Bij beslissing van 24 juni 2003 heeft de raad van tucht uitspraak gedaan op de klacht.

Bij een op 18 augustus 2003 bij het College ingekomen beroepschrift heeft appellant tegen die beslissing beroep ingesteld bij het College.

De raad van tucht heeft bij brief van 21 augustus 2003 op de zaak betrekking hebbende stukken doen toekomen aan de griffier van het College.

Bij brief van 6 oktober 2003 heeft de raad van tucht het College desgevraagd nog een op de zaak betrekking hebbend stuk doen toekomen.

Op 10 juni 2004 heeft het onderzoek ter zitting plaatsgehad.

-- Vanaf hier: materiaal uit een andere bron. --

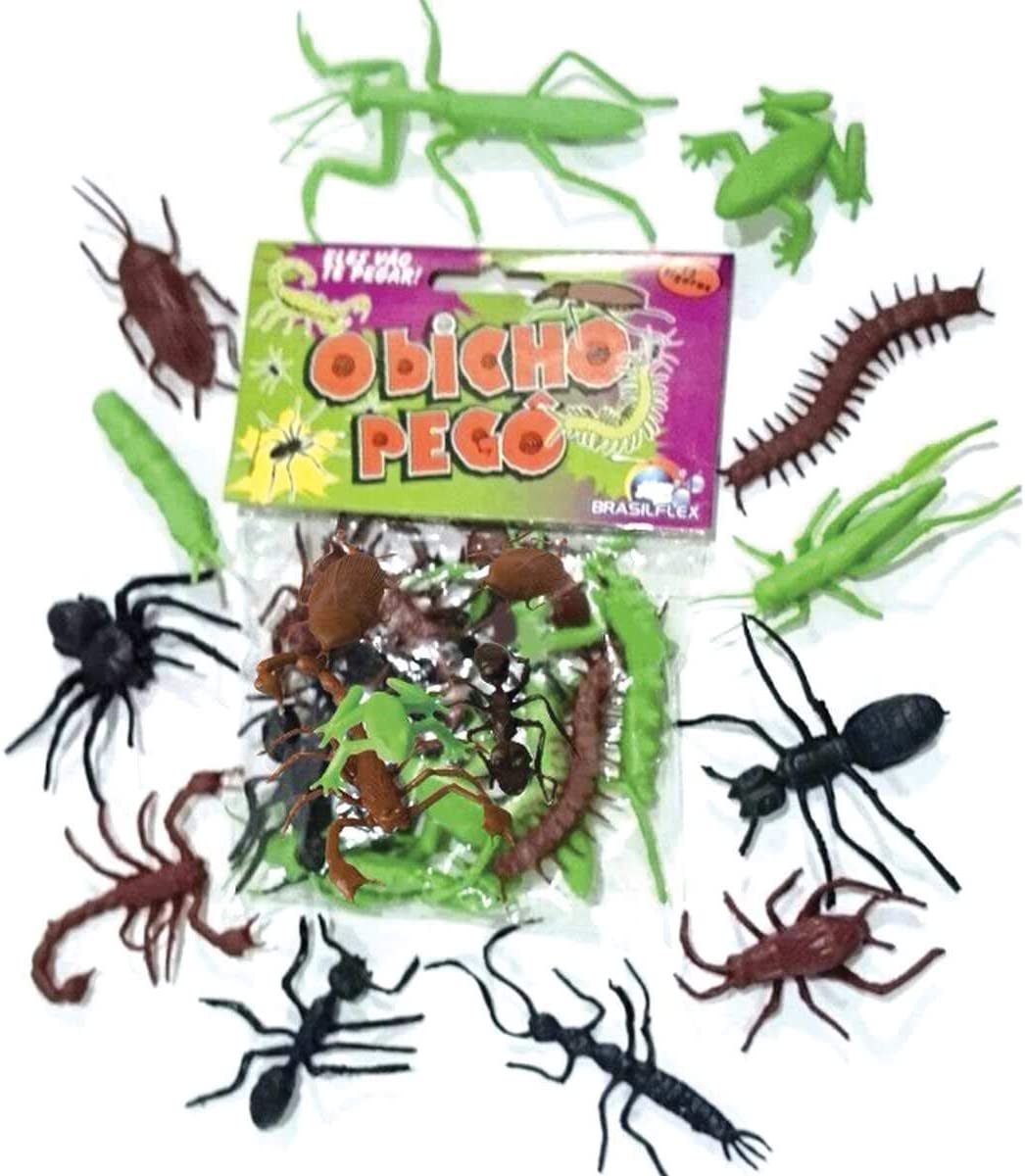 Aranhas, lagartos, formigas, escorpiões... de plástico e, no centro, o pacote com mais destes dentro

Aldaar waren aanwezig appellant en zijn gemachtigde.

2. De bestreden tuchtbeslissing

Bij de bestreden tuchtbeslissing, die in afschrift aan deze uitspraak is gehecht, heeft de raad van tucht de klacht van klager gegrond verklaard en appellant de maatregel van schriftelijke berisping opgelegd.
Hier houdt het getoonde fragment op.